Le motif : le patron de la RATP, Pierre Mongin, vient de leur confirmer à haute voix, lors d'un conseil d'administration, ce qu'il laissait entendre depuis plusieurs mois. Il n'y aura pas de ligne 14 à Saint-Ouen en 2017. Ni même en 2018. Au mieux, ce sera en 2019. Une information qui fait mauvais genre alors que le Premier ministre, Manuel Valls, s'engageait il y a dix jours à accélérer le calendrier du Grand Paris Express.
Oui-dire
La mauvais nouvelle perlait depuis quelque temps, mais jamais par des canaux officiels. Les habitants des Docks de Saint-Ouen, directement concernés par le chantier, avaient ainsi appris ces nouveaux délais dès juillet 2014, de la bouche même de leur maire, William Delannoy. La RATP, elle, devrait s'exprimer, mais plus tard. Sollicitée par metronews, elle n'avait pas donné de précisions mercredi après-midi.
Les riverains et les usagers se demanderont malgré tout comment un chantier à 1,38 milliard d'euros lancé il y a cinq ans, arbitré au plus haut niveau de l'Etat, peut prendre autant de retard. Deux pistes sont avancées : les contentieux liés aux expropriations, et des écueils liés au chantier.
Les expropriations, d'abord. Comme dans tout chantier de ce type, des arrêtés préfectoraux autorisent la RATP à acquérir des parcelles en surface ou en sous-sol, par voie amiable ou contentieuse. Ces parcelles sont considérées comme "immédiatement cessibles pour cause d'utilité publique", mais les arrêtés peuvent être contestés devant le tribunal.
Or les recours ne sont toujours pas épuisés. "Ce sont les informations qui nous sont remontées, indique Pierre Serne, le vice-président du Syndicat des transports d'Ile-de-France. Il y a des problèmes avec des emprises foncières non libérées parce qu'il y a des contentieux en cours." Selon l'élu écologiste, vent debout contre un report à 2019 "qui décrédibilise la parole publique", "les juges de l'expropriation tardent de plus en plus à rendre les jugements et ces derniers sont de plus en plus souvent favorables aux citoyens".
Les contentieux porteraient notamment sur la zone du futur site de remisage et de maintenance des trains, prévu sur le nouveau quartier des Docks de Saint-Ouen.
Cafouillage de chantier
L'autre motif de blocage tient au chantier lui-même. Selon le cabinet du maire Saint-Ouen, William Delannoy, le passage du tunnelier au niveau de l'avenue Victor-Hugo a buté cet été sur un chantier de la Compagnie parisienne de chauffage urbain (CPCU). Cette dernière a engagé des travaux lourds de déviation de ses réseaux souterrains pour permettre le creusement du tunnel de la 14.
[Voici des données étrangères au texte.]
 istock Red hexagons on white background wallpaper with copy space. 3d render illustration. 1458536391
"Tous les opérateurs qui interviennent sont interdépendants, explique-t-on à la mairie. Le chantier de la CPCU a été retardé du fait des autres opérateurs concernés", ERDF, Orange, GRDF ou encore Véolia. Résultat : "on a perdu un an dès la première phase du chantier, notamment pour la réalisation de la future gare de Clichy-Saint-Ouen".
D'autres surprises à venir ?
La RATP n'est pas au bout de ses peines. Le creusement des tunnels pourrait lui-même occasionner son lot de retards. "Le prolongement de la ligne 4 avait connu un an et demi de retard parce qu'il avait fallu consolider des terrains", rappelle, inquiet, Pierre Serne.
Cerise sur le gâteau, des questions financières pourraient s'inviter dans le chantier. Sur l'avenue Victor-Hugo, axe névralgique de Saint-Ouen, les gros commerces comptent négocier au prix fort le manque à gagner engendré par ce chantier à ciel ouvert. Des complications à vous dégoûter de construire le Grand Paris.